ACTIVITY:
If you see a picture in the data below, omit it and copy the rest exactly.

INFORMATION SHOWN:
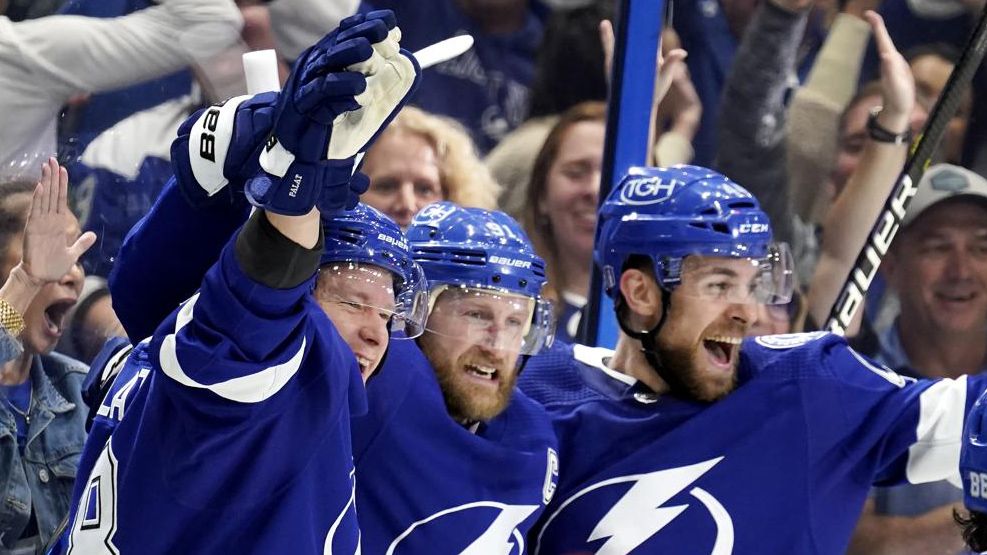 Tampa Bay Lightning center Steven Stamkos, center, celebrates his goal against the New York Rangers with Jan Rutta, right and Tampa Bay Lightning left wing Ondrej Palat, left, during the second period in Game 6 of the NHL hockey Stanley Cup playoffs Eastern Conference finals, Saturday, June 11, 2022, in Tampa, Fla. (AP Photo/Chris O'Meara)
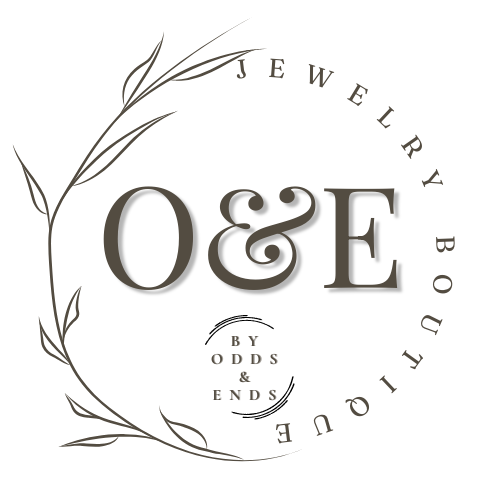 Jewelry brand logo with the initials O&E, surrounded by a decorative leaf design and the text "Jewelry by Odds & Ends".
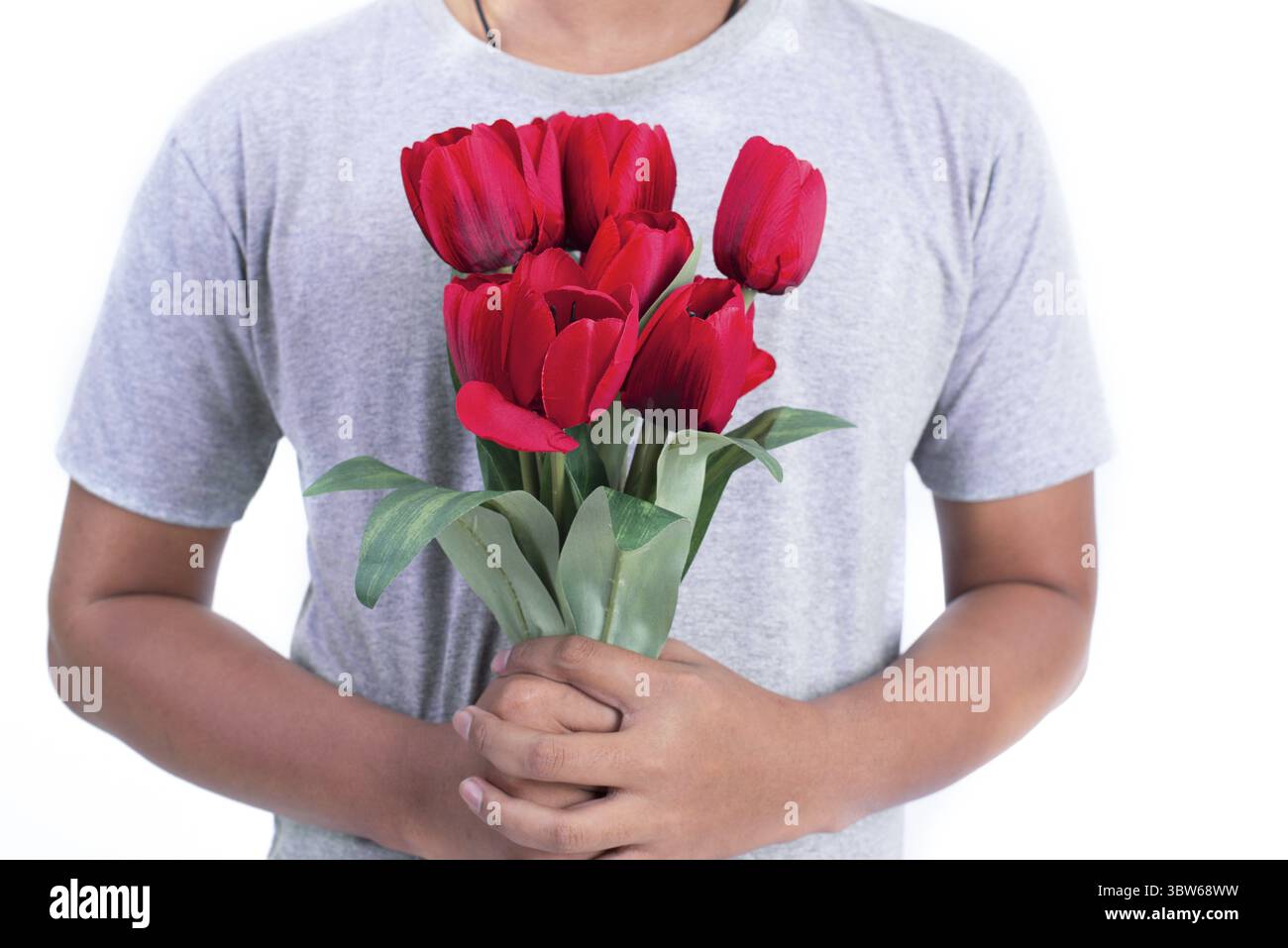 Homme tenant la fleur de rose rouge. Saint Valentin et concept de couples. Thème amour et flirt. Gros plan à rose. Partie du corps et thème sans tête Banque D'Images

FINISHED EXERCISE:
 Tampa Bay Lightning center Steven Stamkos, center, celebrates his goal against the New York Rangers with Jan Rutta, right and Tampa Bay Lightning left wing Ondrej Palat, left, during the second period in Game 6 of the NHL hockey Stanley Cup playoffs Eastern Conference finals, Saturday, June 11, 2022, in Tampa, Fla. (AP Photo/Chris O'Meara)
 Jewelry brand logo with the initials O&E, surrounded by a decorative leaf design and the text "Jewelry by Odds & Ends".
 Homme tenant la fleur de rose rouge. Saint Valentin et concept de couples. Thème amour et flirt. Gros plan à rose. Partie du corps et thème sans tête Banque D'Images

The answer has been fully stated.